*** Source information Section Begins ***

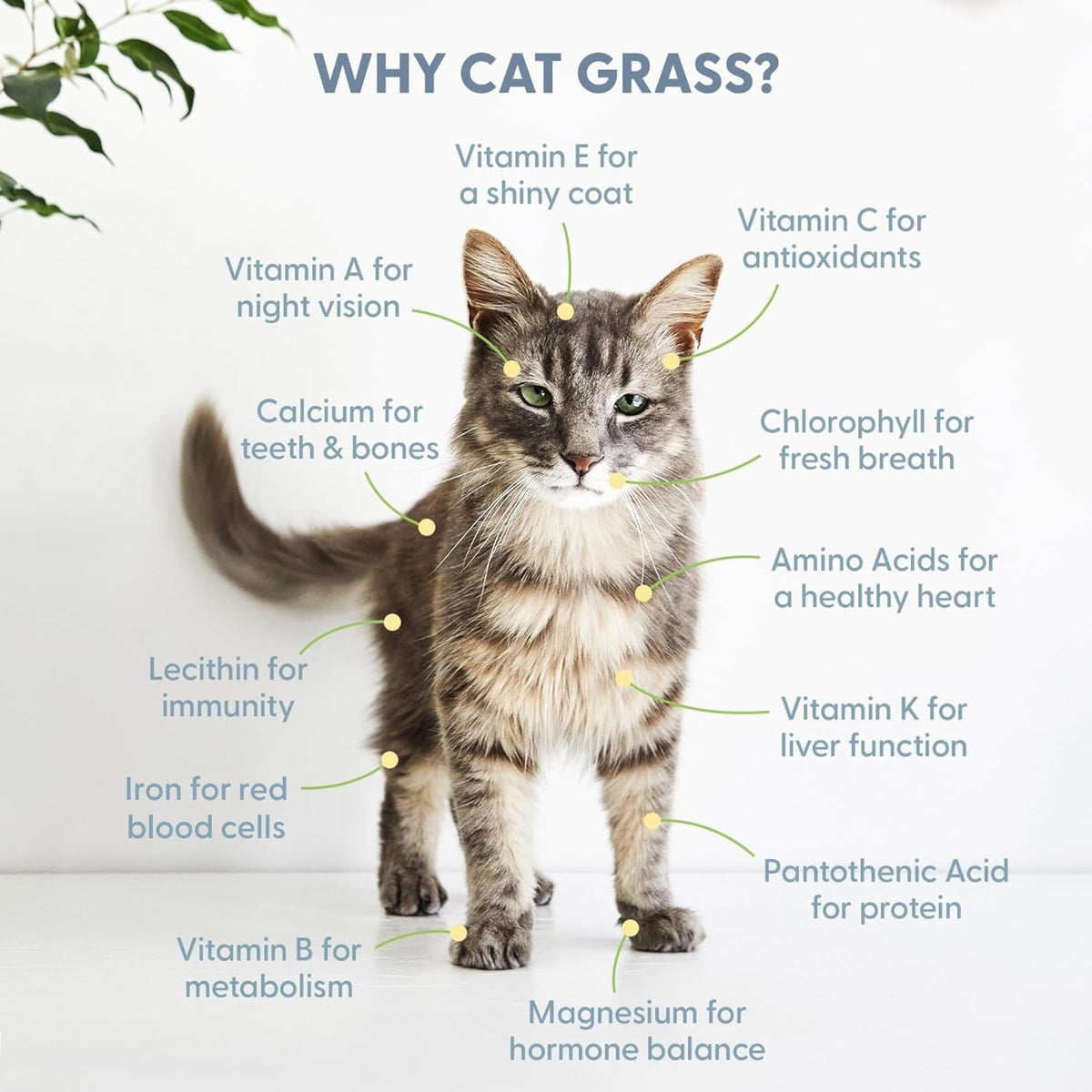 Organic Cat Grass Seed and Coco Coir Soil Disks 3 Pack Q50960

*** Source information Section Ends ***
*** Source information Section Begins ***

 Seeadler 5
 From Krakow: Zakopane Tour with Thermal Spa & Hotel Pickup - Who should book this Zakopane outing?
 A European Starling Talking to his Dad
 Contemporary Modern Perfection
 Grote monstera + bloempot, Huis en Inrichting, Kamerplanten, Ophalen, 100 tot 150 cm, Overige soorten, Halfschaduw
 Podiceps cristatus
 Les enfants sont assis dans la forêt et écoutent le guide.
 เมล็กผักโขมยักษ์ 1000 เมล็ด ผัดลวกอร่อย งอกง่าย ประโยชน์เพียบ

*** Source information Section Ends ***
*** Source information Section Begins ***

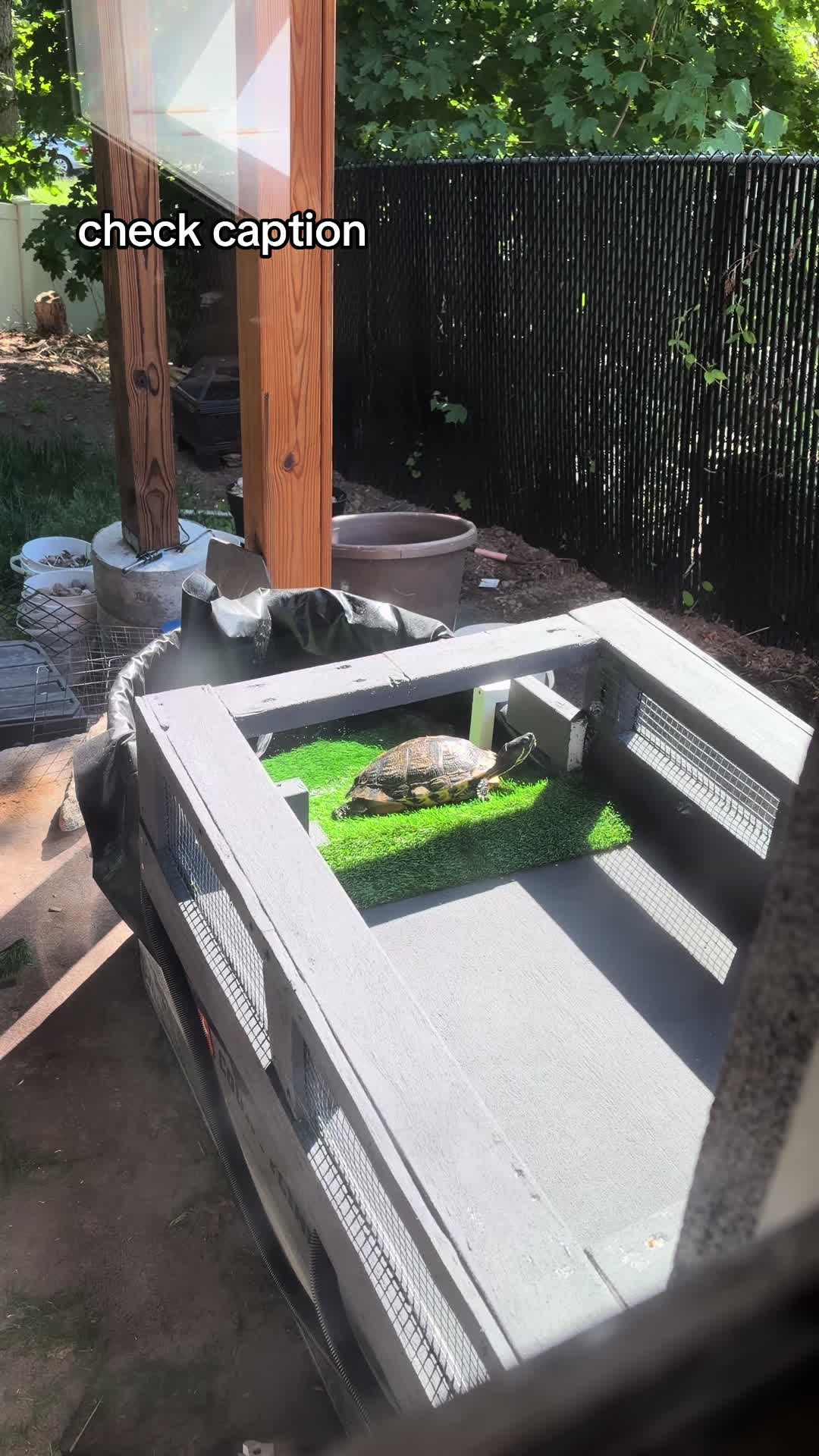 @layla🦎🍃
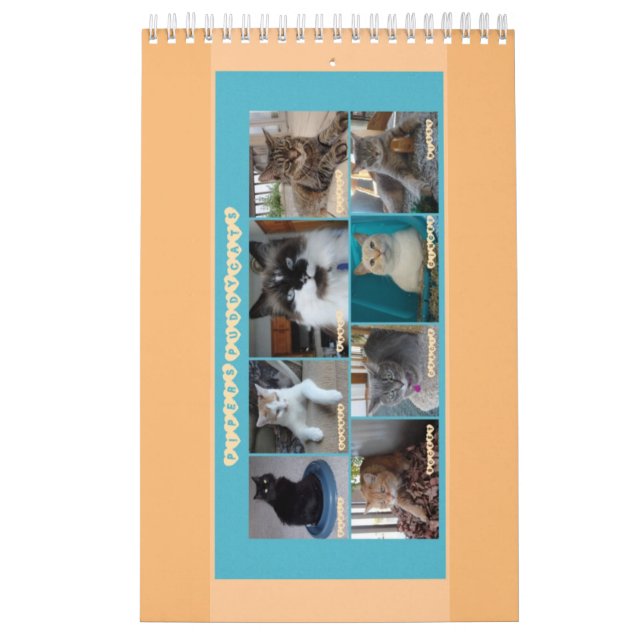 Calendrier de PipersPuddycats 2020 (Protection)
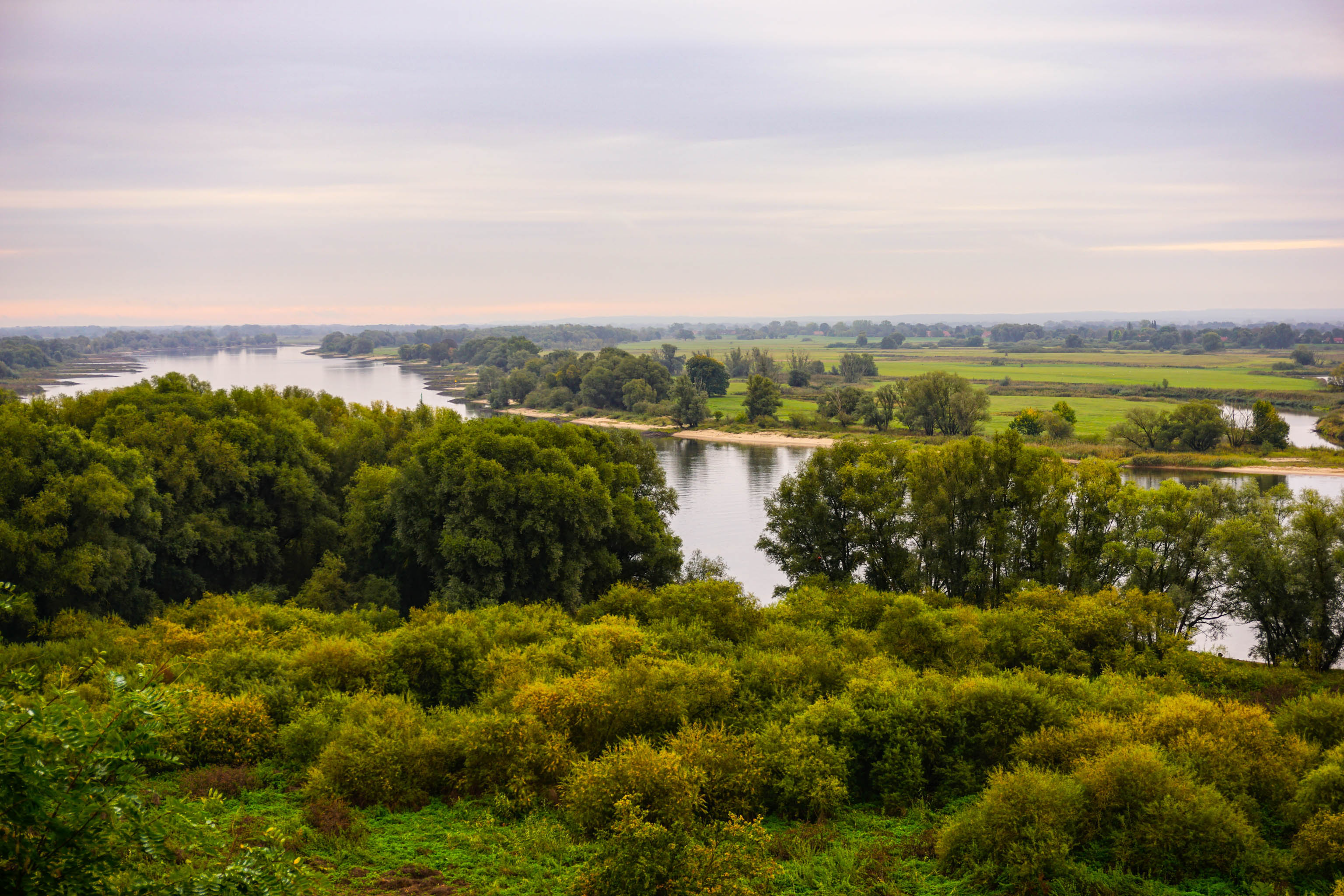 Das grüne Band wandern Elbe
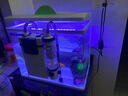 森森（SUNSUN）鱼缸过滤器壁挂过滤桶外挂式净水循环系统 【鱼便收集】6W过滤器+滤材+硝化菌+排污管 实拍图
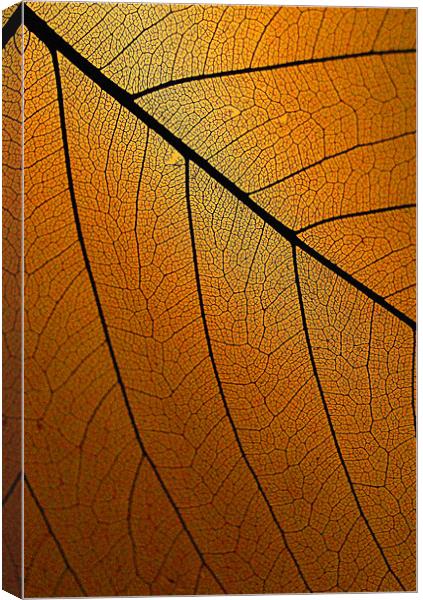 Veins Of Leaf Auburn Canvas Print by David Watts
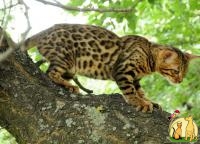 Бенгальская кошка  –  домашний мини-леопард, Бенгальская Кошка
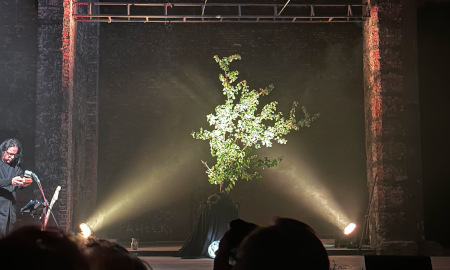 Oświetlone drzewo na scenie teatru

*** Source information Section Ends ***

» **The problem**
Starting from the line with "мини-леопард, Бенгальская Кошка" in the records above, repeat each line exactly until you have written the line with "Oświetlone drzewo na scenie teatru", then stop; drop the pictures.

» **Written answer**
 Бенгальская кошка  –  домашний мини-леопард, Бенгальская Кошка
 Oświetlone drzewo na scenie teatru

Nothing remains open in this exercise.